┌──
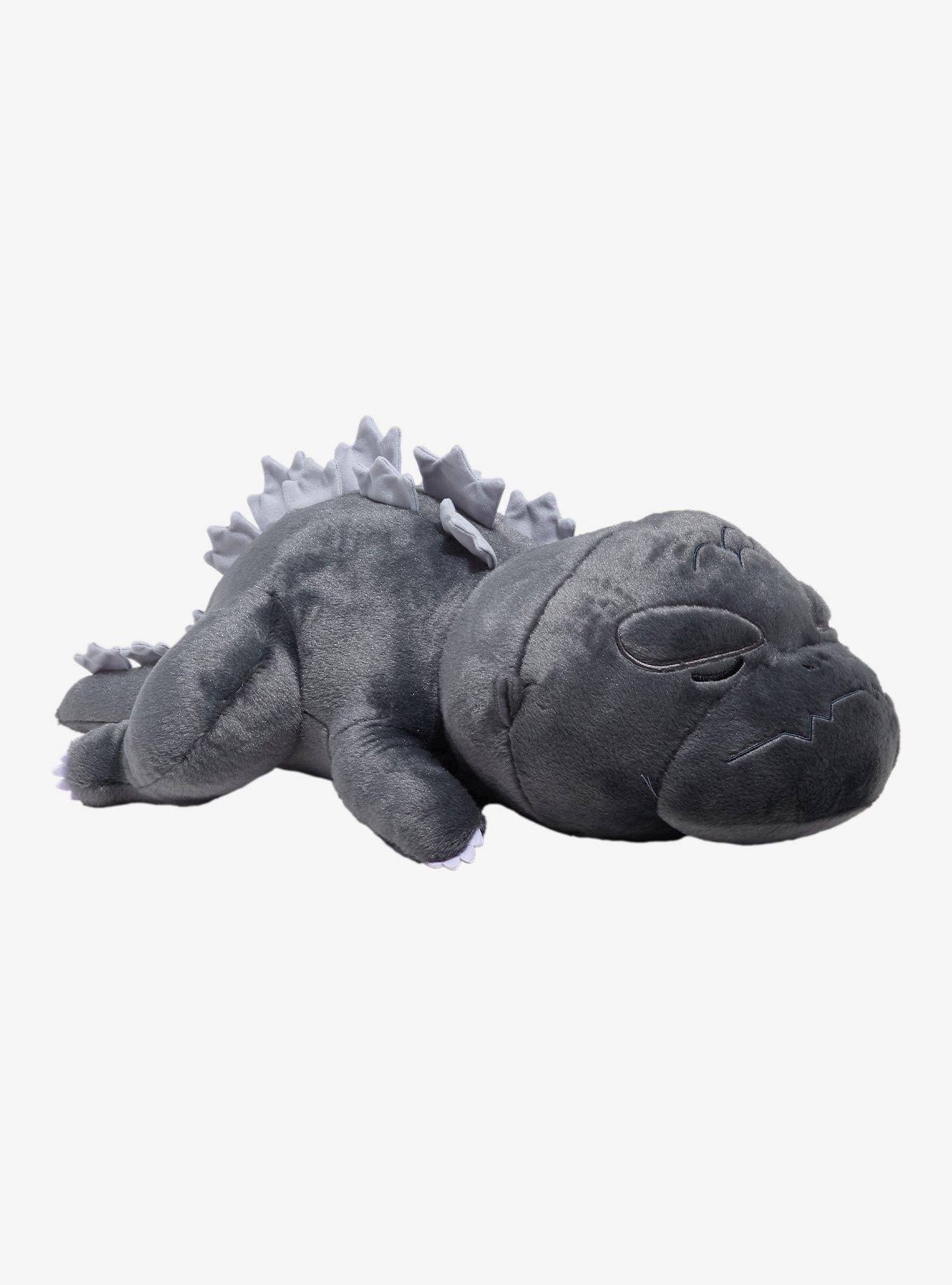 Godzilla Sleeping 25 Inch Plush, , hi-res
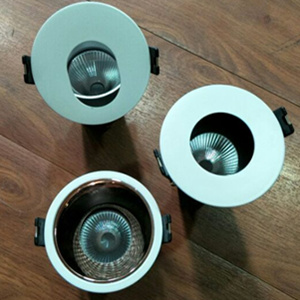 10w led module downlight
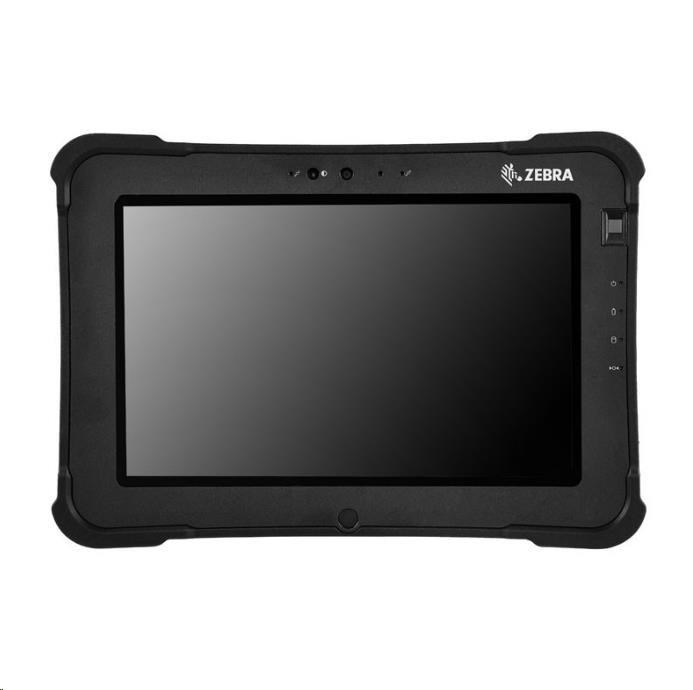 Zebra XSLATE L10,  BT,  Wi-Fi,  4G,  NFC,  GPS,  Android1 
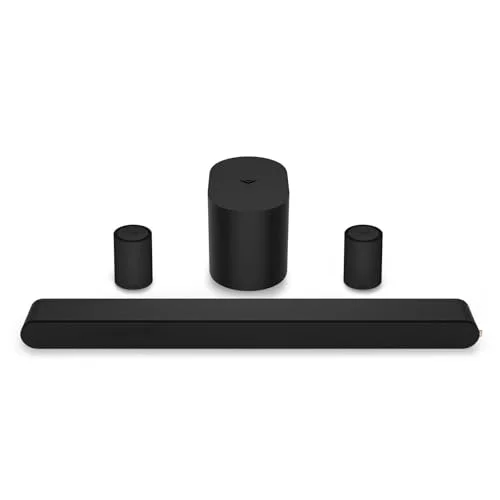 best soundbar for vizio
└──
_Required work_. Only the pictures in the listing above get left out; print everything else exactly.

_Answer to the problem_.
 Godzilla Sleeping 25 Inch Plush, , hi-res
 10w led module downlight
 Zebra XSLATE L10,  BT,  Wi-Fi,  4G,  NFC,  GPS,  Android1 
 best soundbar for vizio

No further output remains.